▶ _Exercise_
Starting with the line that contains "Predajný regál obojstranný, perfo", repeat each line exactly through the final line of the listing. No picture should appear in the copy.

▶ _Available data_
.....
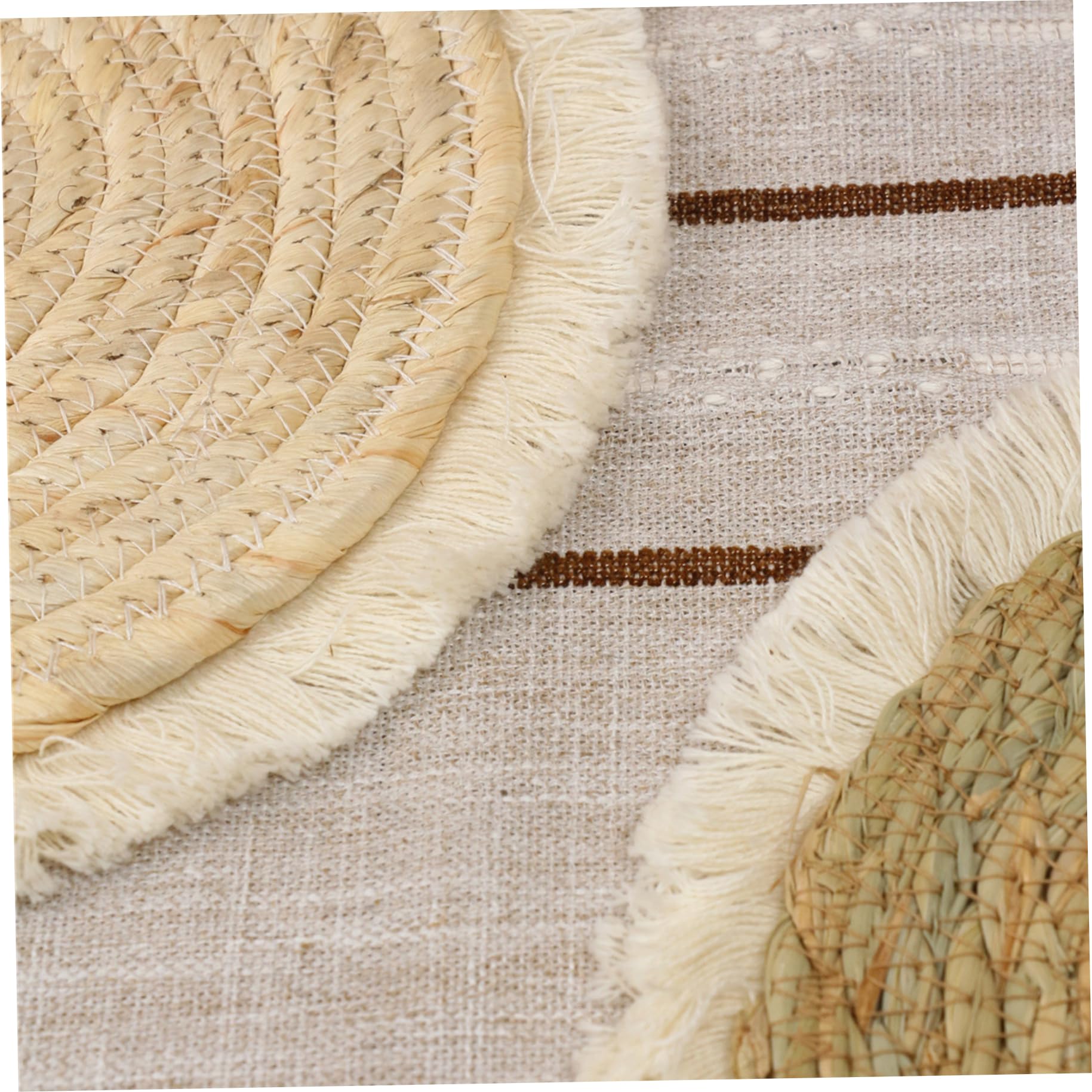 9 piezas decoración de pared boho, decoración de la pared de cocina tejida colgante, boho macrame pared colgando rústico redondo redondo plano marina marina de mimbre de mimbre para la sala de e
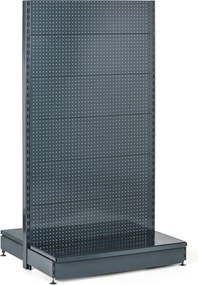 Predajný regál obojstranný, perfo steny, 1900 x 1000 x 900 mm, základný, antracit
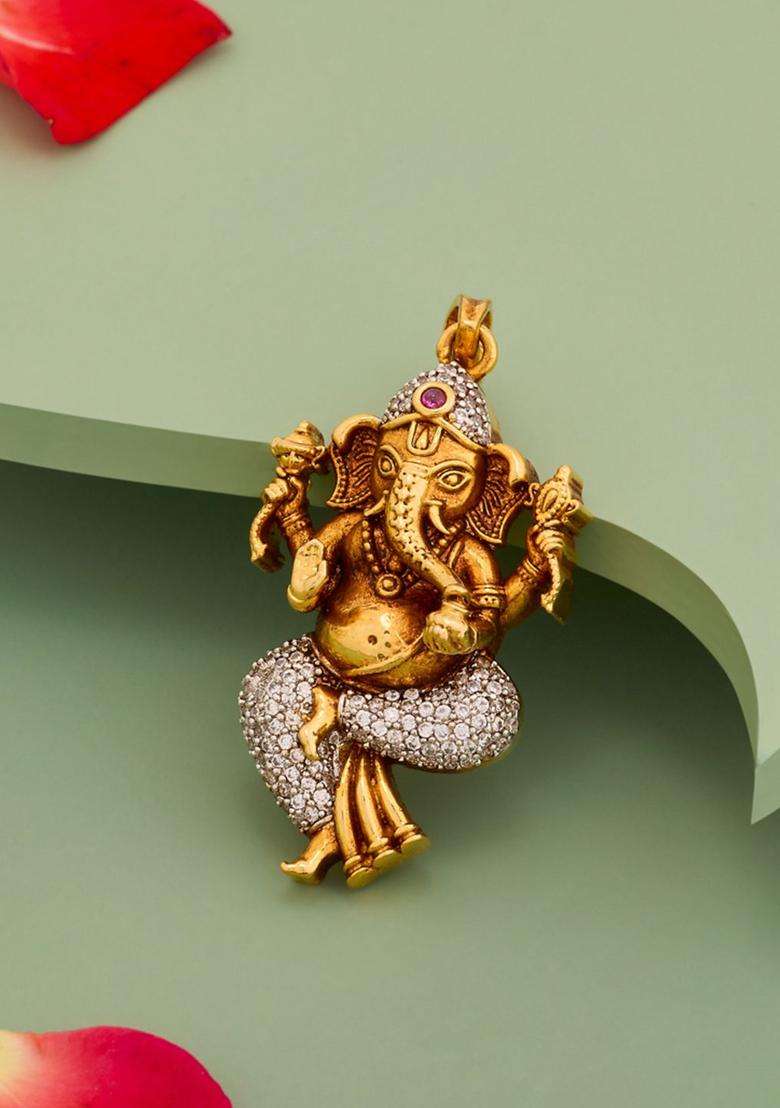 92.5 Sterling Silver Gold-Plated Stones Contemporary Ruby Pendants for Women | Traditional Temple Jewellery for Wedding & Festive Wear | Gift for Her - Indya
.....
▶ _Output for this task_
 Predajný regál obojstranný, perfo steny, 1900 x 1000 x 900 mm, základný, antracit
 92.5 Sterling Silver Gold-Plated Stones Contemporary Ruby Pendants for Women | Traditional Temple Jewellery for Wedding & Festive Wear | Gift for Her - Indya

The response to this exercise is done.